The First Cursive Handwriting Recognizer Needed a Spelling Checker and so did the Rest of the World
Lester Earnest (les at cs.stanford.edu)
At the Massachusetts Institute of Technology (MIT) in the period 1959-63 I developed the first cursive handwriting recognizer, which included the first spelling checker. In 1966 I initiated the much simpler task of creating spelling checkers for use in editing text files. We gave that software away beginning in 1971 and it soon spread around the world via the new ARPAnet, which I also helped start.
Gettin the spelin rite. When I was growing up in the 1930s and ‘40s our world was even more racist and sexist than now and only girls took typing classes, so that they could become secretaries. In business, men either gave dictation or wrote longhand and expected their secretaries to get the syntax and spelling right. Embarrassingly my handwriting turned out to be an ugly scrawl with many misspellings. I thought about learning to type but my first two years in high school were in Louisville, Kentucky, where the schools were oddly segregated three ways: white boys, white girls, and colored. Naturally there were no typing classes offered in my school.
In my senior high school year (1947-48) my family moved back to San Diego, California, where the schools were integrated and I signed up for typing, figuring it would help me avoid revealing my embarrassing scrawl. This naturally resulted in some derision from my male classmates but being in a class just with girls was quite enjoyable and the teacher was so pleased to have me there that she invited me to cheat by always giving me the same paragraph to type on exams, so that I was able to memorize and type it really fast. Unfortunately when I composed new material my spelling remained bad, with my fingers doing even worse at spelling than my brain.
By the 1950s and early 1960s there were still no computerized collections of documents anywhere in the world and, as near as I could tell, not even a list of common English words, which was a prerequisite for creating a spelling checker. As discussed further on, I undertook the development of a cursive handwriting recognizer and found it necessary to create a spelling checker in order to make it work. I found a book that claimed to list the most common English words and punched the top 10,000 onto paper tape for use in experiments.

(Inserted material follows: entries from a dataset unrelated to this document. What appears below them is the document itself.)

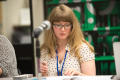 Photograph: [Allison Brown at LPF Conference]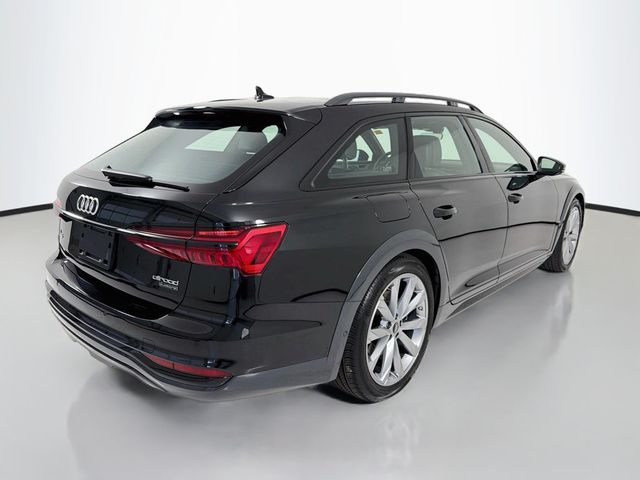 2025 Audi A6 allroad 3.0 TFSI Prestige - 23080300 - 6
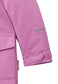 REIMA TEC warme Winterjacke/Parka <br> Mutka<br> Gr. 74 bis 98<br> warm wattiert mit Fellex <br>(hochwertige künstliche Daune)<br> Parka/Kurzmantel <br>WS 8'000 mm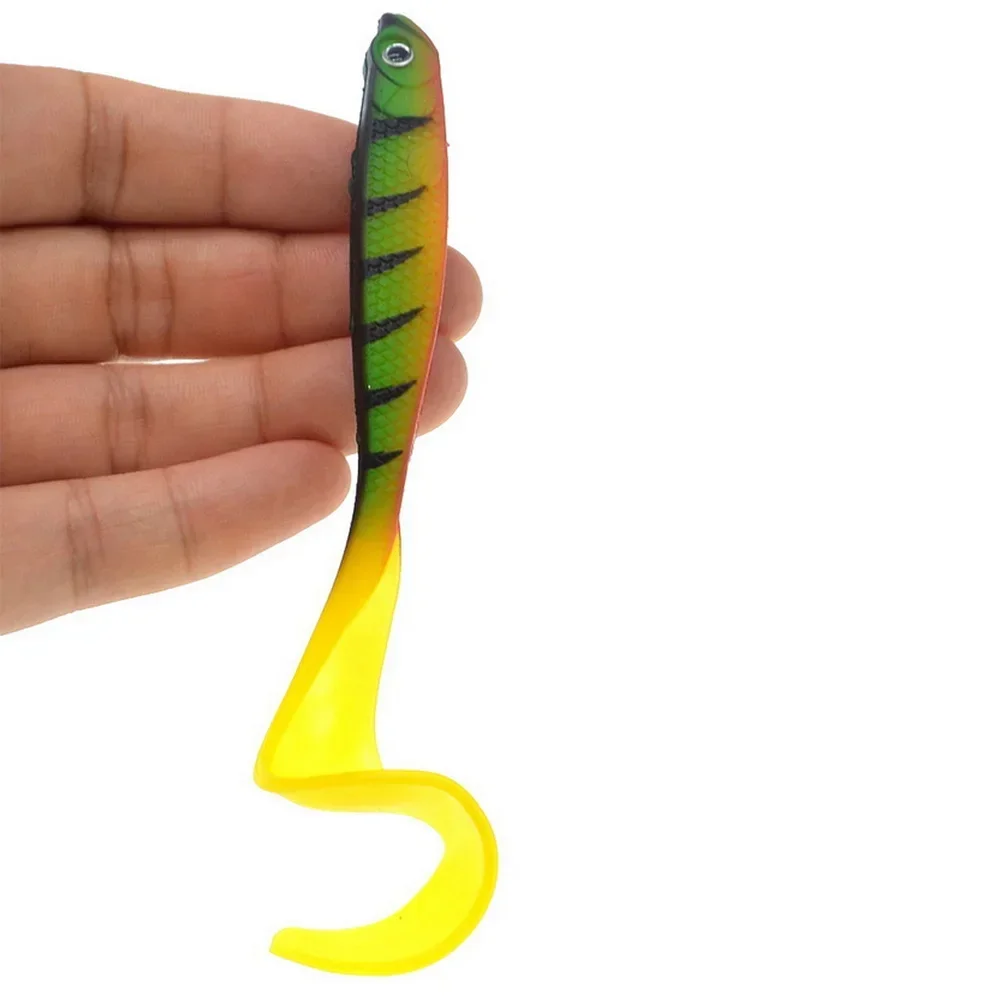 Balıkçılık Cazibesi 125mm Swim - Fishing Lure Spinnerbait incelemesi ve fiyatı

Thordike & Lorge, The Teacher’s Word Book of 30,000 Words, Columbia University, New York, 1944.
As I got into doing that I discovered that for some reason the authors had given heavy weight to the King James version of the Bible, with the result that many archaic terms were listed such as “thee”, “thy” and “thou”. Also a number of modern words were missing including “radar” and “television” so I added those and some others. The words were all in singular form but I decided they would still provide an adequate test of cursive handwriting recognition.
10,000 English words on seven reels of 6-hole punched paper tape.
After I came to Stanford University in 1965 to organize what became the Stanford Artificial Intelligence Lab (SAIL) I noted that we and others were using newly developed timesharing systems to write articles and reports but those of us with poor spelling were producing some embarrassing results. It occurred to me that my word list could be used to construct a spelling checker but the fact that it included no plural words posed a problem. I got around that by devising a suffix-stripping process that converted plurals to singular forms. This scheme could sometimes let a misspelled word pass scrutiny but in practice that seldom happened.
Aram Grayson, one of our systems programmers, was kind enough to read all those reels of paper tape and convert them to a single magnetic tape, which was the only kind of secondary storage we had initially. I then recruited a graduate student to write a spelling checker, which he accomplished in one or two days by writing it in the LISP programming language. However it was a bit slow and worked only in batch processing mode, delivering a list of unrecognized words together with the page and line numbers in which they occurred, but offered no help on what the correct spelling was. Consequently it was not very popular.
In 1970 I got another graduate student, Ralph Gorin, to write a more advanced version, called SPELL, in machine language that interactively suggested possible correct spellings. The ARPAnet began working a short time later and we put SPELL in our public file area, whence it promptly migrated around the world and became a standard editing tool.
A decade later, when personal computers became popular, nearly all text editors included spelling checkers and most of the people who created them claimed that they had invented them. As a result a number of histories have been written about these developments but I don’t know of a single one that is reasonably accurate. I find it amusing that the name “spell check” is now prevalent, which sounds to me like something that Harry Potter and his colleagues should be using.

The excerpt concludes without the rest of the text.